Jerry Springer's Attitude To Technology Was Unexpectedly Prophetic

Controversial TV host, politician, and former reporter Jerry Springer has died at the age of 79. Springer's family broke the news on Thursday, saying the television personality had passed away "peacefully" at his home in Chicago. Although he was best known for his long-running talk show that sensationally tackled subjects like divorce, infidelity, and little people brawling, the 79-year-old also had some surprisingly insightful views on technology and censorship.

During a speech at the 2014 MIPDoc festival in Cannes, France, Springer reeled off some oddly prophetic views. After describing humans as "storytellers" Springer highlighted how humans would traditionally gather at forums and marketplaces to discuss current events, The Guardian reported at the time. He then went on to describe how advancements in technology have essentially made it possible to take discussions worldwide, saying "People are always talking about what is going on in their neighborhood. The only thing that has changed is that with modern technology, our neighborhood has now become global."

Springer also had positive views about social media, describing the rise of the platform as "inevitable" and seeing the benefits it could bring. "What we are observing, witnessing is the democratization of culture," the former talk show host said. He also believed humans from a range of backgrounds could find common ground, claiming if you took people from a range of countries who were of a similar age, they would find things to talk about.

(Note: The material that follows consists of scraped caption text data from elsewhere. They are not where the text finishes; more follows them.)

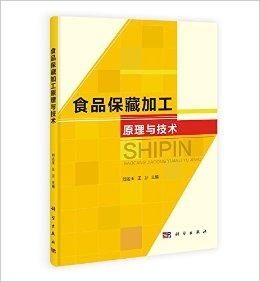 食品加工中膨松剂的作用原理,专业说明评估_iShop38.92.42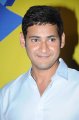 Mahesh Babu Latest Stills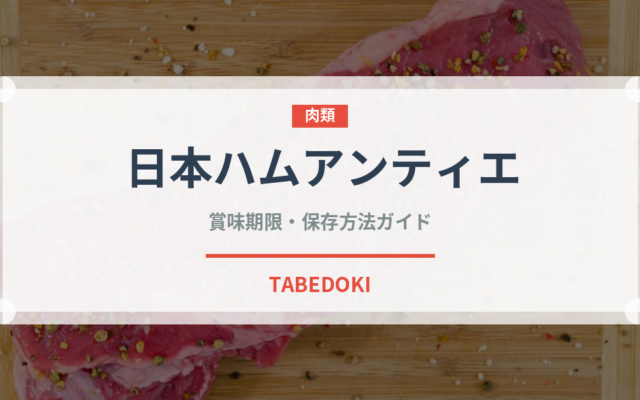 日本ハムアンティエ（ハム・ソーセージ）の賞味期限と正しい保存方法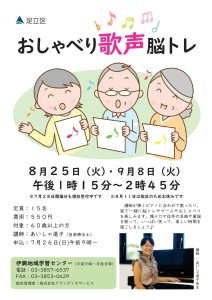 歌声脳トレ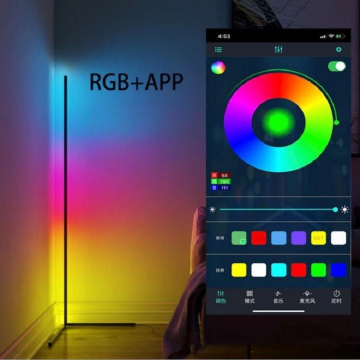 RGB Dimmable LED Floor Lamp for Living Room and Bedroom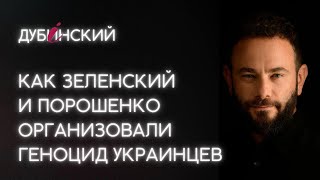 Как Зеленский и Порошенко организовали геноцид украинцев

Springer struck out at censorship

Perhaps unsurprisingly, the host of one of the most shocking and controversial shows in recent years was not keen on censorship. After jokingly apologizing for unleashing "The Jerry Springer Show" upon the world, Springer made a fairly blunt point about it — and TV in general's — actual impact on society. "This concept that television has influenced human behavior and the destruction of society is garbage," Springer argued. "We had a holocaust before anyone had a television set."

While contentious at the time, fast forward to 2023 and it's even easier to draw parallels between Springer's words and the debate currently surrounding social media. Short-format video sites like TikTok are being blamed for destroying people's attention spans, amongst other things, while Elon Musk's attitude toward "free speech" has been criticized for its potential to platform political extremists and online trolls. 

A study published in late 2022 by the Pew Research Center suggested views on social media differed considerably, particularly in the U.S. where sites like Twitter and Facebook were instrumental in divisive political campaigns such as ahead of the 2016 presidential election, when Donald Trump and Hillary Clinton fans sparred aggressively, and manipulation was rife. Only 34% of U.S. adults said they believed social media had been good for democracy in the research, with 64% saying it had been a negative force. 

Though his comments predated all that, Springer was nonetheless prescient about social media and technology leveling the playing field. "Whether you're going on your cellphone or tweeting or whatever," Springer said, "that is the democratization of society, aided by technology." Ironically, the talkshow host himself preferred to watch TV on topics other than cheating spouses and screaming siblings, revealing in 2014 that he was more likely to tun into sports and political news.